◆ Task description: With the pictures left out, write out exactly the lines of the listing below that run from the line with "Photo 6 of 39, 1117" through the line with "Image of Living space #3".

◆ Supplied data:
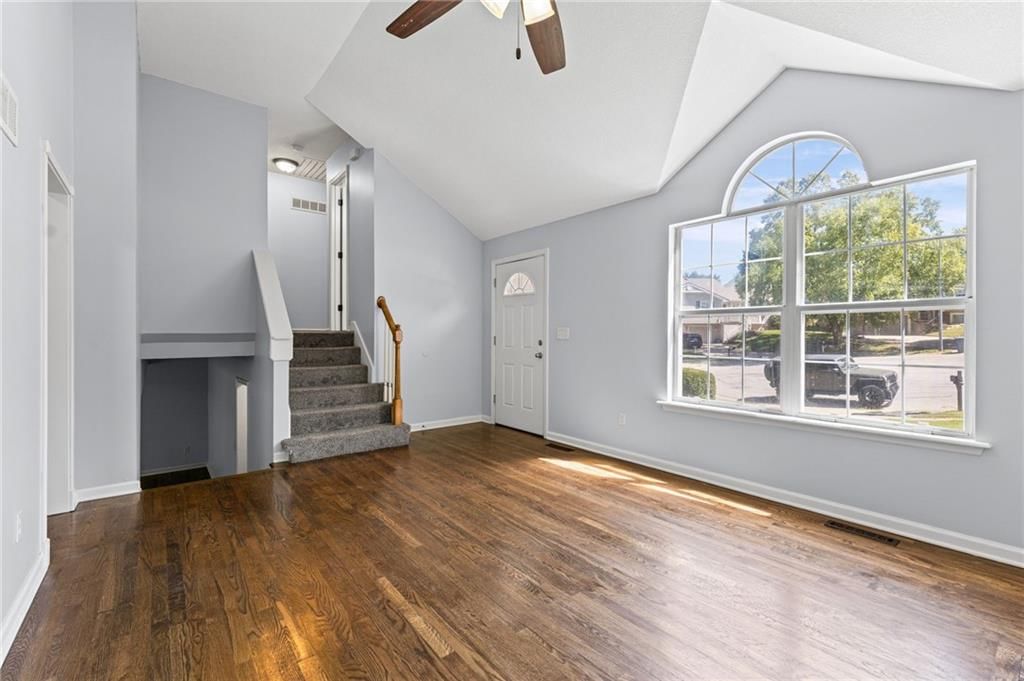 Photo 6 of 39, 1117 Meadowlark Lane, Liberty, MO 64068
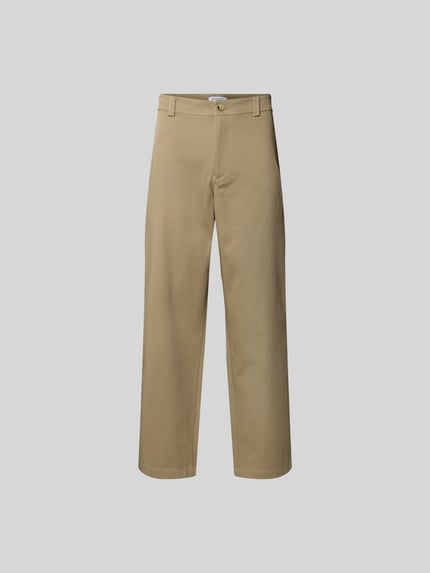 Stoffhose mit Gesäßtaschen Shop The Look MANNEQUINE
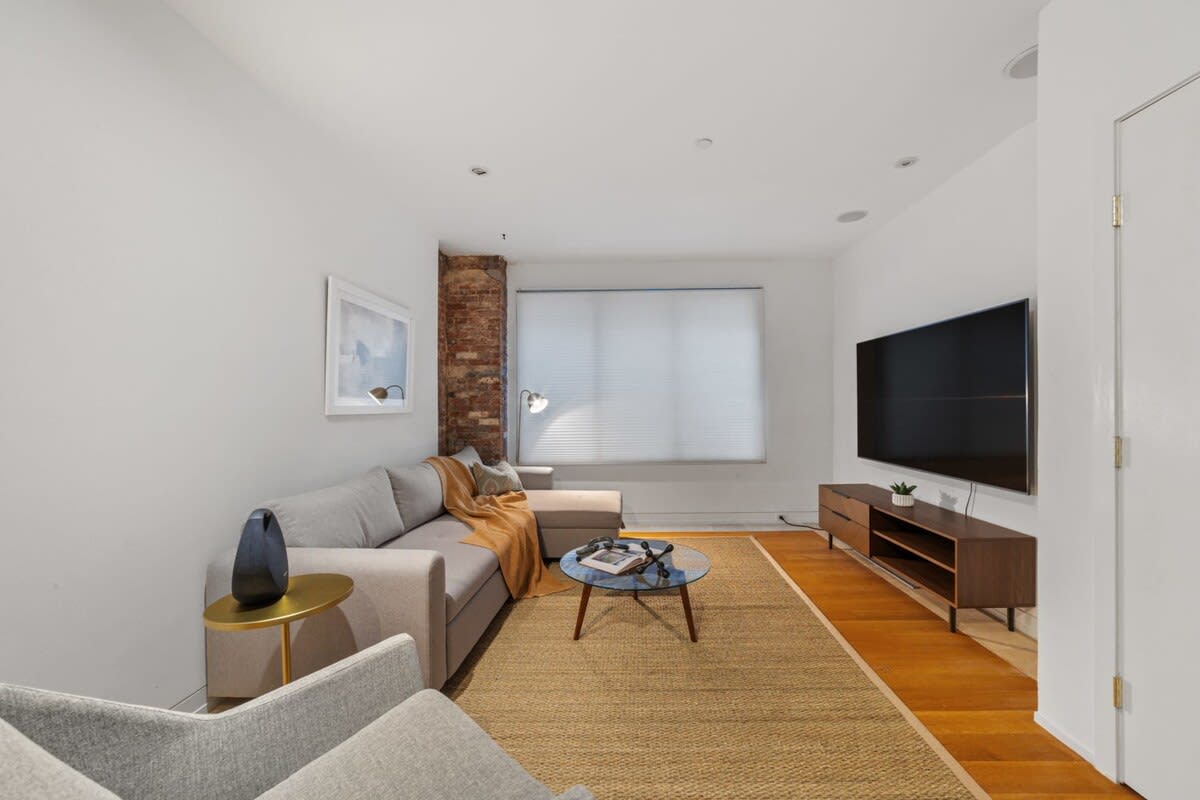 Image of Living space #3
* * *
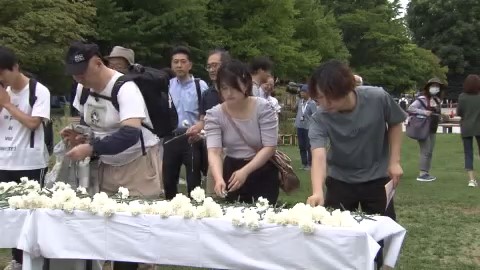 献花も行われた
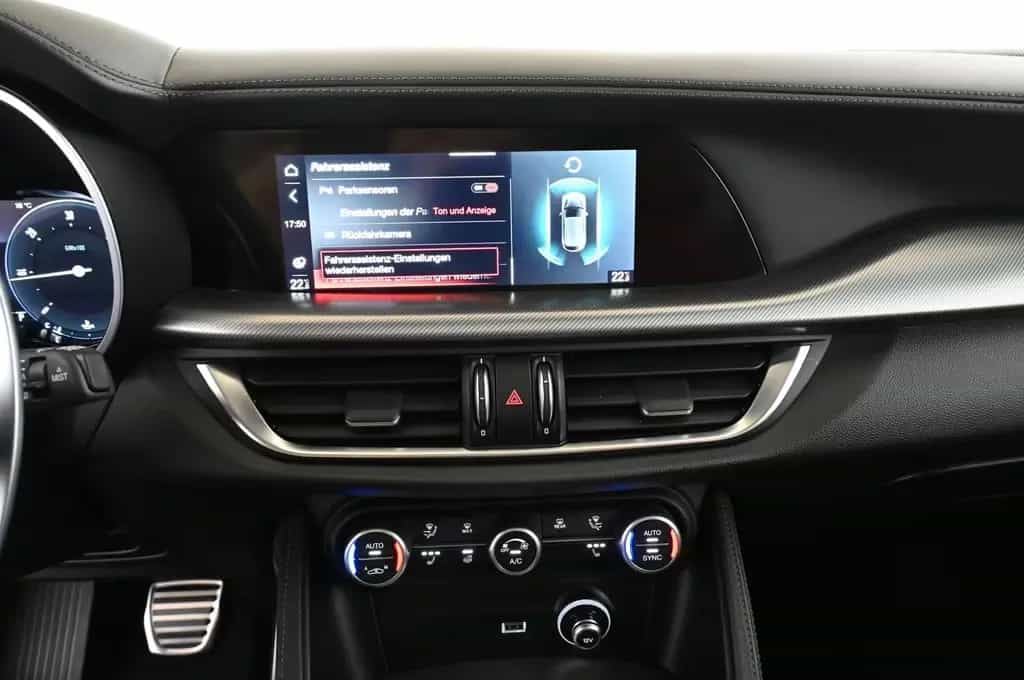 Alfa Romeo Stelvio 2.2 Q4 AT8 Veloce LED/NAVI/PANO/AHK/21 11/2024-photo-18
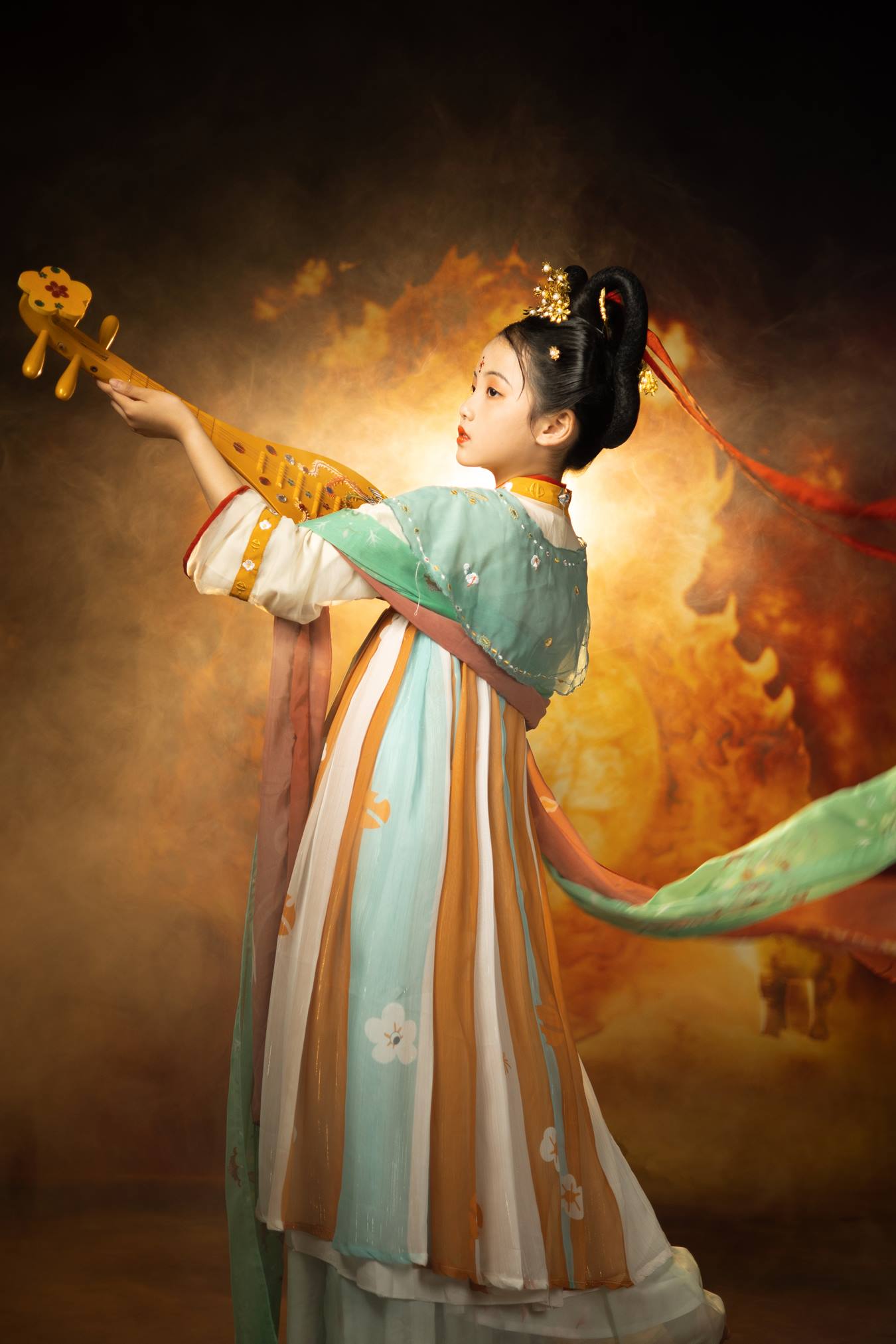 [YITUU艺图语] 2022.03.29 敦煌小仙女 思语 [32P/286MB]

◆ Solution to this problem:
 Photo 6 of 39, 1117 Meadowlark Lane, Liberty, MO 64068
 Stoffhose mit Gesäßtaschen Shop The Look MANNEQUINE
 Image of Living space #3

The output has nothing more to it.